# Working chest when shoulder are sore...



## RasPlasch (Feb 8, 2008)

Right now my lats are kind of sore, and I was going to work chest today. Will my lats being sore hinder my performance? Cause I remember hearing that bench pressing also works your shoulders, but I don't know if it works your lats at all, I wouldn't think so.

Also if I bench pressed while my shoulders were sore would it hinder my benching and other chest workouts?


----------



## ph8bringer (Feb 8, 2008)

The muscles of the shoulder work as important stabilisers for most "pushing" exercises, especially bench and dumbell bench. Not to mention the anterior delt helps with the movement itself. Therefore having sore shoulders will probably make a chest workout harder. 
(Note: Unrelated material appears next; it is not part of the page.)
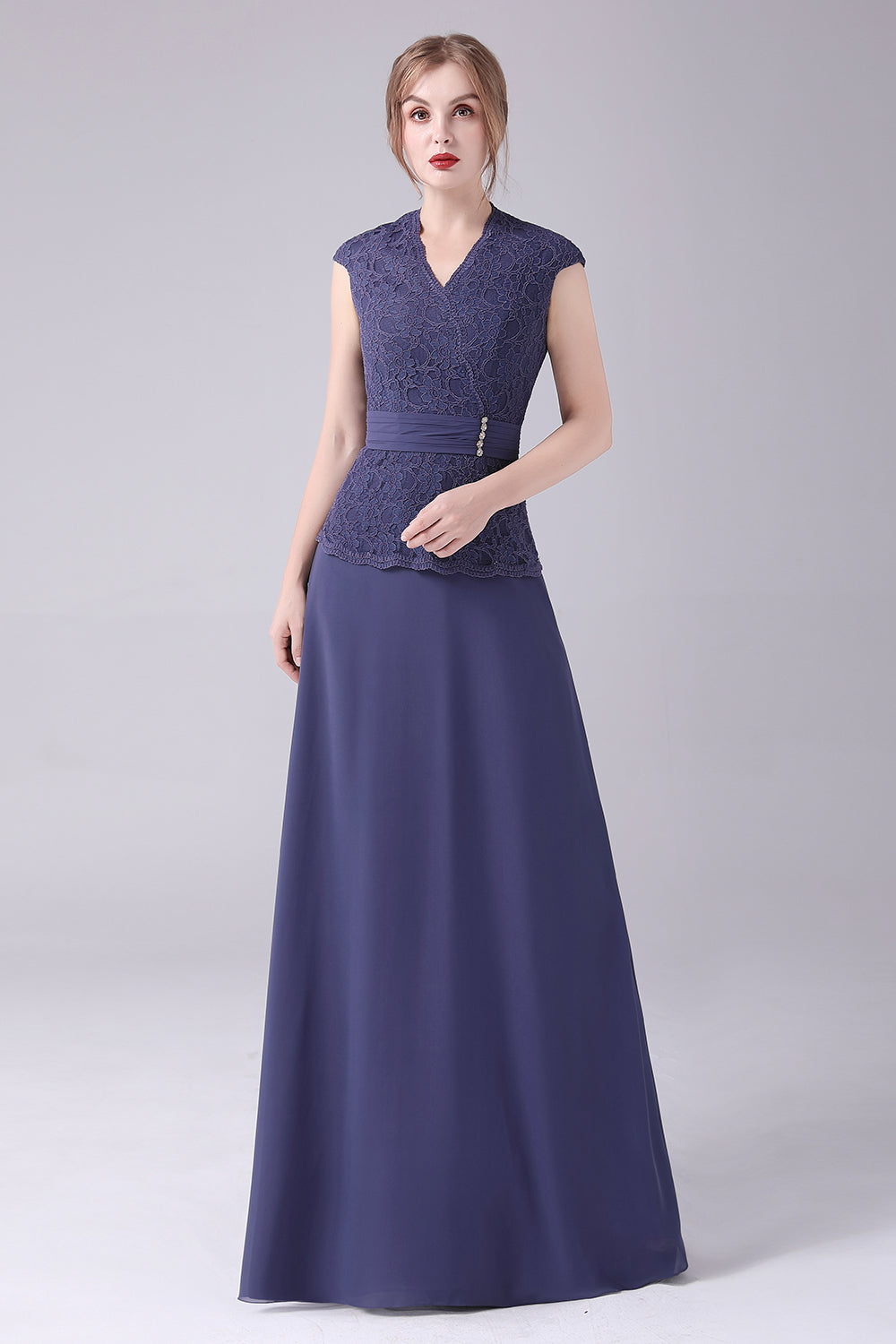 Stormy Blue A-line V-neck Floor Length Mother of the Bride Dress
I'd either train them together, or space them out so that they don't interfere with one another.

As for lats, they pretty much have nothing to do with the chest muscles, and sore lats shouldn't make a difference.


----------



## Gazhole (Feb 9, 2008)

Shoulders are a big part of any pressing movement.

Your lats being sore probably wont hinder your performance, but they do have a lot to do with pressing as muscle groups work antagonistically (i.e. against eachother).

If your back is fatigued your pushing performance will suffer from it.


----------



## Witchblade (Feb 9, 2008)

Shoulders = lats?


----------



## iMan323 (Feb 9, 2008)

There is no negative effect on bench pressing when your lats are sore...


----------



## HialeahChico305 (Feb 9, 2008)

Gazhole said:


> If your back is fatigued your pushing performance will suffer from it.



I found this out the hard way. When I finally placed my chest day before any pulling movement my chest explode it.


----------



## fufu (Feb 10, 2008)

iMan323 said:


> There is no negative effect on bench pressing when your lats are sore...



Not sure what you mean, but if your lats are fatigued then they will most certainly effect your pressing to different degrees depending on your benching form.


----------